Brief descriptive captions
——————————
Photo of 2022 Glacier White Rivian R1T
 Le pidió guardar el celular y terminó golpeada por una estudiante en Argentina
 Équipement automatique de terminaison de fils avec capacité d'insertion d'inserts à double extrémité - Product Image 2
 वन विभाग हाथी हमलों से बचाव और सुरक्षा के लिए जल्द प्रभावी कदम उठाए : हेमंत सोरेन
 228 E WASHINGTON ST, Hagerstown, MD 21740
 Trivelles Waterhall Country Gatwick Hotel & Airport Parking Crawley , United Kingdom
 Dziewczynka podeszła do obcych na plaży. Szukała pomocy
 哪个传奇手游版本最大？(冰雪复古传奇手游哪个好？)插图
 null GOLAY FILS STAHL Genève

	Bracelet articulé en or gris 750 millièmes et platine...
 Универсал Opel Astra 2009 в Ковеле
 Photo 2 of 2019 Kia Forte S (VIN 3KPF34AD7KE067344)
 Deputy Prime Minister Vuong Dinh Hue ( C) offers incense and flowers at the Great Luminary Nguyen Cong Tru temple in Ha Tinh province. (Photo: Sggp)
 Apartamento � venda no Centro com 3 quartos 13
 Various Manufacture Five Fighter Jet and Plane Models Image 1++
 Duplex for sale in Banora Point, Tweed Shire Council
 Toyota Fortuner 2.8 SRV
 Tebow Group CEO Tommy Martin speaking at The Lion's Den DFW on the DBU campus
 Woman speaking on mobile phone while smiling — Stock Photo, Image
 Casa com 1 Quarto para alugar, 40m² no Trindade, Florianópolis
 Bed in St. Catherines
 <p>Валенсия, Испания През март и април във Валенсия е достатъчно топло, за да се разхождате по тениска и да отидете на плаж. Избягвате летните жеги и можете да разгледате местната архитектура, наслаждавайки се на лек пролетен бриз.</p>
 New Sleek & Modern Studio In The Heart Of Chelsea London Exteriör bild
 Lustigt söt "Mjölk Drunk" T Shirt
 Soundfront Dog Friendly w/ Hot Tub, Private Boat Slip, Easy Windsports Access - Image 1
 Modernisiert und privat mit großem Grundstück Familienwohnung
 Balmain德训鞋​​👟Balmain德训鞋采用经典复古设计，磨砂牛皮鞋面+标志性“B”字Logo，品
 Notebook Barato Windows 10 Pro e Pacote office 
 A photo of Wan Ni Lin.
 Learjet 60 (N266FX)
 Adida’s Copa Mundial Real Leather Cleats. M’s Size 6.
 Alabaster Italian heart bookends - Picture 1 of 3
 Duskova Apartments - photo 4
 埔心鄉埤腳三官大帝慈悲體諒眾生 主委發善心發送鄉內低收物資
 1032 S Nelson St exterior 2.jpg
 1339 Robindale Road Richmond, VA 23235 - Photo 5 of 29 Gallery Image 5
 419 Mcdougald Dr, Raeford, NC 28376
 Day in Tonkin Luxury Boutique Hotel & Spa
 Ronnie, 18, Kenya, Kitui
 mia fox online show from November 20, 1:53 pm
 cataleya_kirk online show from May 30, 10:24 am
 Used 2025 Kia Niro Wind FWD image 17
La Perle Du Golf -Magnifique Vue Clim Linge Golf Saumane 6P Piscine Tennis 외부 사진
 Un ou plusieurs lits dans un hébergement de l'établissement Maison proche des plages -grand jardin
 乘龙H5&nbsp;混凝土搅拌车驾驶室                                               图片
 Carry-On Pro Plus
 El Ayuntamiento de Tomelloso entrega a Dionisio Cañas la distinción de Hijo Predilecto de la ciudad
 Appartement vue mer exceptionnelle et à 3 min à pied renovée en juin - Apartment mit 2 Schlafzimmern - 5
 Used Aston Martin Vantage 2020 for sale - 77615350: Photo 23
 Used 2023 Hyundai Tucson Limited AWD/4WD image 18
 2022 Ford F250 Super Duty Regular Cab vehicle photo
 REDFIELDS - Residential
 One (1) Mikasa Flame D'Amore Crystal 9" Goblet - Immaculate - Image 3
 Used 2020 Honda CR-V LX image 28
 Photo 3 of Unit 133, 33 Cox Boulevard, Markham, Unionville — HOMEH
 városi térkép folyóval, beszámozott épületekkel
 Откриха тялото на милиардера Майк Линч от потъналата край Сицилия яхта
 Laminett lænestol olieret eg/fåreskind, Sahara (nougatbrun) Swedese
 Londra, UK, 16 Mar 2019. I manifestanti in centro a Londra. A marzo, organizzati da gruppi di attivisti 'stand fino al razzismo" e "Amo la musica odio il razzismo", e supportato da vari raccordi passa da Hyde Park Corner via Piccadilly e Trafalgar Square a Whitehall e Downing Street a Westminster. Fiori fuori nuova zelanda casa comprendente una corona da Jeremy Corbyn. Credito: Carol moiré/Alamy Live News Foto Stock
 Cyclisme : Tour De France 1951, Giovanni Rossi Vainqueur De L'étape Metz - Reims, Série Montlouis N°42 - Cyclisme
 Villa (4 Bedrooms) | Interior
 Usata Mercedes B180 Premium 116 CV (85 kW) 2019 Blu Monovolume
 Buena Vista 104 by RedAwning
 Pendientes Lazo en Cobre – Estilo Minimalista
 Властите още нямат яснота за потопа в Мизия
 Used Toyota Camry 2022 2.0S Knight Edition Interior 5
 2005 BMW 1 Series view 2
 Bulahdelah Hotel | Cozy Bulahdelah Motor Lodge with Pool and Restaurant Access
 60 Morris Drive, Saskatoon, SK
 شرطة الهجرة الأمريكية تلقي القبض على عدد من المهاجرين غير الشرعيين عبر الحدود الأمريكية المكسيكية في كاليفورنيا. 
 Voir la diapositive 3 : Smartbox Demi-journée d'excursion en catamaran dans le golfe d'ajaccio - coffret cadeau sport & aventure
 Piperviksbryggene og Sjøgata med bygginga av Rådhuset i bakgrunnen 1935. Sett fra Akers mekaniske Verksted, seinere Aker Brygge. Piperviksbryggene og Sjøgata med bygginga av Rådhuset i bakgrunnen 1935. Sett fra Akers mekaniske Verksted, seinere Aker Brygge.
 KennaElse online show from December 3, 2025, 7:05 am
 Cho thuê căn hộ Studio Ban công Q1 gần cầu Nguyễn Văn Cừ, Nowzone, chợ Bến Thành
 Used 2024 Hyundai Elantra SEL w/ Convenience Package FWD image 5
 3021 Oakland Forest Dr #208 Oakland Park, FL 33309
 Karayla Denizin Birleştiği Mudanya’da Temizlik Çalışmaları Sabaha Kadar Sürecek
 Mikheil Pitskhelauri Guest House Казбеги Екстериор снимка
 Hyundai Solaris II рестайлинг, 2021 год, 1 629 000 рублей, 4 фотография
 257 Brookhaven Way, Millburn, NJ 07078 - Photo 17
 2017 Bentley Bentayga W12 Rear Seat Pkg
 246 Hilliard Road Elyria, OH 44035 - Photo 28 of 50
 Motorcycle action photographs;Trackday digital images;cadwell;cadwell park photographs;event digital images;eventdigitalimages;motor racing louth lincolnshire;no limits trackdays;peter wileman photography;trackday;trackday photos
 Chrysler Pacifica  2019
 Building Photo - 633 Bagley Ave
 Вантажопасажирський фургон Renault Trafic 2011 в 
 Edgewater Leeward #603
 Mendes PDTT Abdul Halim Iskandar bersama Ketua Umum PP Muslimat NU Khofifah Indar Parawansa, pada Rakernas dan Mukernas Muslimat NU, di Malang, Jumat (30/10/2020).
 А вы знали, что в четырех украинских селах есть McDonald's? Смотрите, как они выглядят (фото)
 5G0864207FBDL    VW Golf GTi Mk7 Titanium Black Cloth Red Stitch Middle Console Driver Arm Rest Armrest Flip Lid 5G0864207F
——————————
## What you are asked to do
Lines in the data containing the string "dans" are to be counted; give that number alone.

## Exercise solution
2